土地部門で評価される緩和オプションには、農業と森林のオプション、持続可能な食事と食品廃棄物の削減、土壌炭素貯留、家畜・肥料管理、森林減少の抑制、植林と再植林、そして責任ある調達が含まれます。この図に加えて、本文では、海洋部門におけるオプションが検討されています(IPCC 1.5°C 報告書 表5.2参照)。

持続可能可能な開発目標(SDGs)とは 出典:FAQ 5.1 図1:気候変動への対処は国連持続可能な開発目標(SDGs)のひとつであり、持続可能な開発と広義に繋がっている。気候リスクを減らす行動は、他の持続可能な開発目標に正の影響(相乗効果)と負の影響(トレードオフ)をもたらす。
SDGsの表の日本語訳は国連広報センターより: https://www.unic.or.jp/files/sdg_logo_ja_2.pdf

2015年9月に国連持続可能な開発サミットの中で世界のリーダーによって決められた、国際社会共通の目標です。このサミットでは、2015年から2030年までの長期的な開発の指針として、「持続可能な開発のための2030アジェンダ」が採択されました。この文書の中核を成す「持続可能な開発目標」がSDGsと呼ばれています。

SDGsは、2000年の国連のサミットで採択されたミレニアム開発目標(Millennium Development Goals: MDGs)に代わる新たな世界の目標として定められました。MDGsは「極度の貧困と飢餓の撲滅」「初等教育の完全普及の達成」など8個のゴールから構成されており、先進国による途上国の支援を中心とする内容でした。

しかし、今や貧困や飢餓、地球環境の問題は先進国も積極的に関わっていかなければいけない問題です。SDGsは、貧困に終止符を打ち、地球を保護し、すべての人が平和と豊かさを享受できるようにすることを、先進国と途上国が協力して推進しています。
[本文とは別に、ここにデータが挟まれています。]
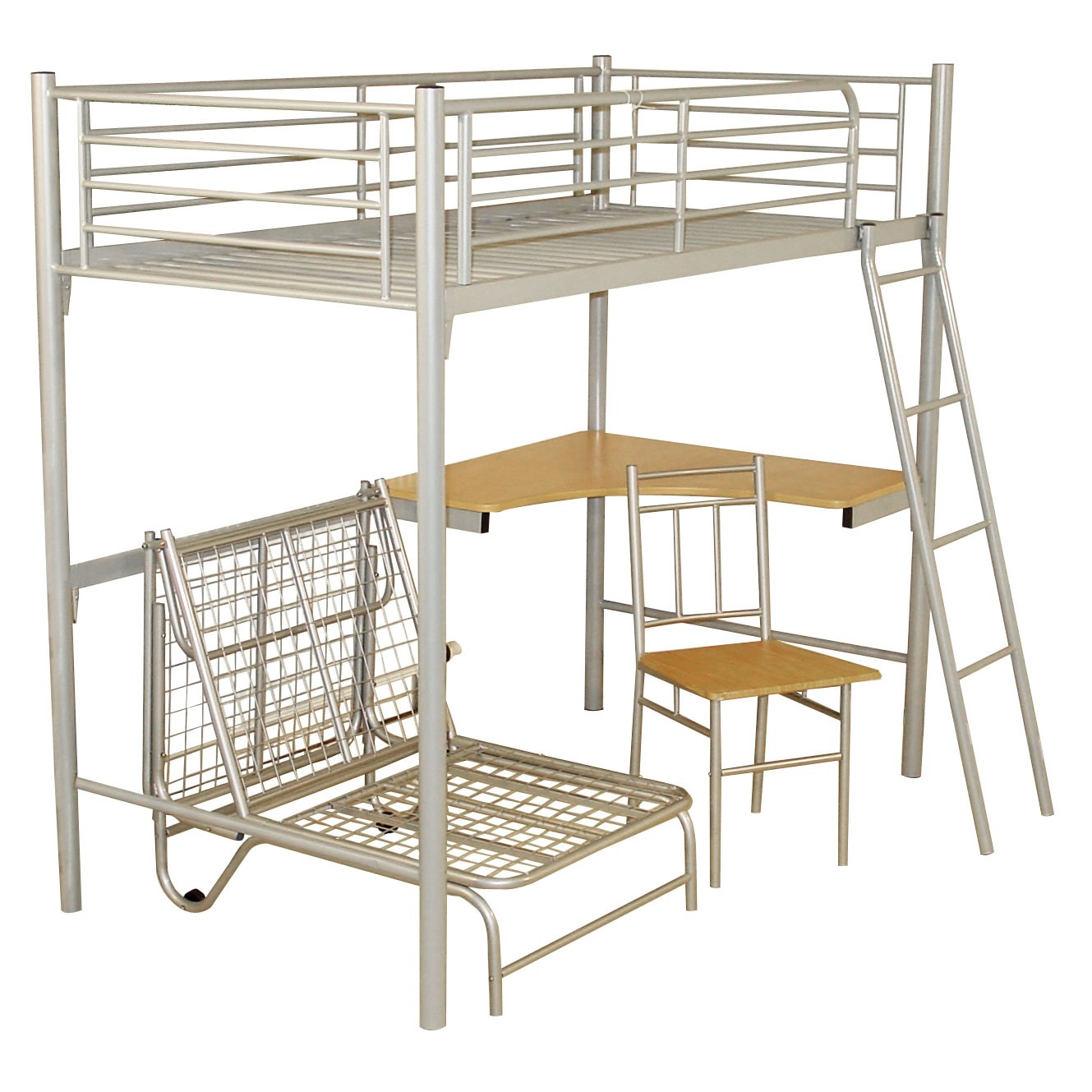 Loft bed with sofa underneath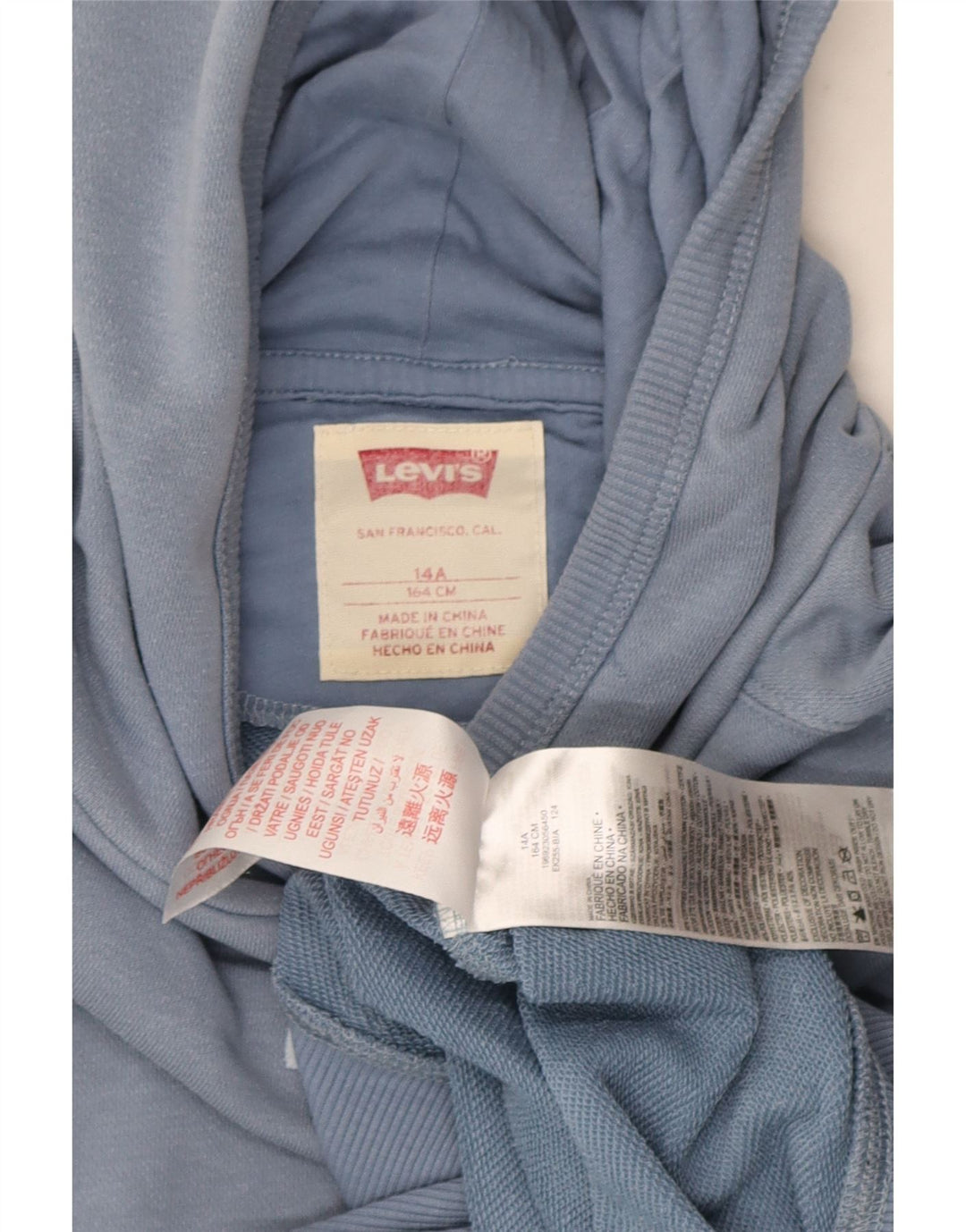 Levi's Boys Regular Fit hættetrøjetrøje 13-14 år blå bomuld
SDGsの17の目標には、MDGsの成功を土台としつつ、気候変動や経済的不平等、イノベーション、持続可能な消費、平和と正義などの新たな分野が優先課題として盛り込まれています。ある目標を達成するためには、むしろ別の目標と広く関連づけられる問題にも取り組まねばならないことが多いという点で、目標はすべて相互に関連しているといえます。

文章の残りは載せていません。